The Woolly Mammoth Theater Company celebrates its 25th anniversary by finally moving into its own comfortable space in northwest D.C. Sadly, the company stumbles out of the gate with "Big Death & Little Death," a bleak and incoherent new play by screenwriter Mickey Birnbaum.
The Woolly Mammoth Theater Company celebrates its 25th anniversary by finally moving into its own comfortable space in northwest D.C. Sadly, the company stumbles out of the gate with “Big Death & Little Death,” a bleak and incoherent new play by screenwriter Mickey Birnbaum.
The sheer act of classifying Birnbaum’s play as a dark comedy demonstrates Woolly’s zeal for pushing boundaries. In this saga about an absurdly dysfunctional family, the little death probably would be those new puppies being eaten by their mother in the opening scene. This is followed by a bigger death, the loss of the mother in a horrific car crash. But the culmination is a really big death — the end of the blasted universe. It’s a regular rib tickler.
Other ingredients include an emotionally bankrupt father just back from the first Gulf War; three teenagers dealing with the problems of adolescence and self-identity; a high school guidance counselor eager for sex with her students; and several other themes, most of them played to heavy-metal music with which teens identify.
There is also the peculiar job of the father (Paul Morella), a photographer who specializes in grisly shots of car-crash victims. And an abortion, too.

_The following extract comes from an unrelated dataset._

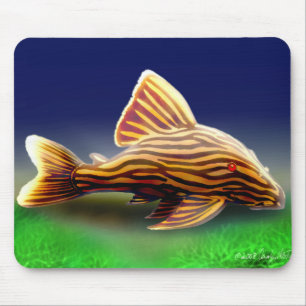 Royal Pleco Mousepad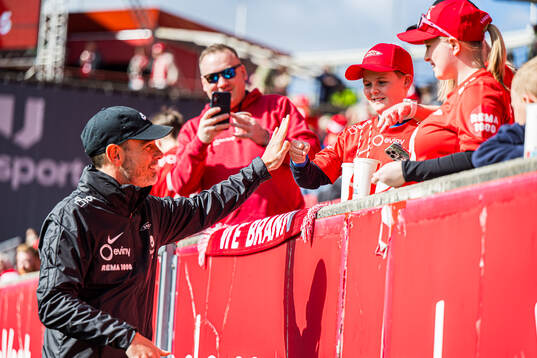 Freyr Alexandersson, head coach of Brann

The intent, says the playwright, is to characterize people alienated from their families and their culture, and to do so in Woolly’s innovative style. With the theater’s artistic director Howard Shalwitz at the helm, it surely presents all the mayhem intended.
To suggest that Woolly’s fearless format regularly treads a razor-thin line between raucous absurdity and tastelessness is an understatement. Shalwitz will tell you that’s indeed the company’s mission, and he’s right that true tastelessness often marks the biggest success. But there are also times when it really just doesn’t work.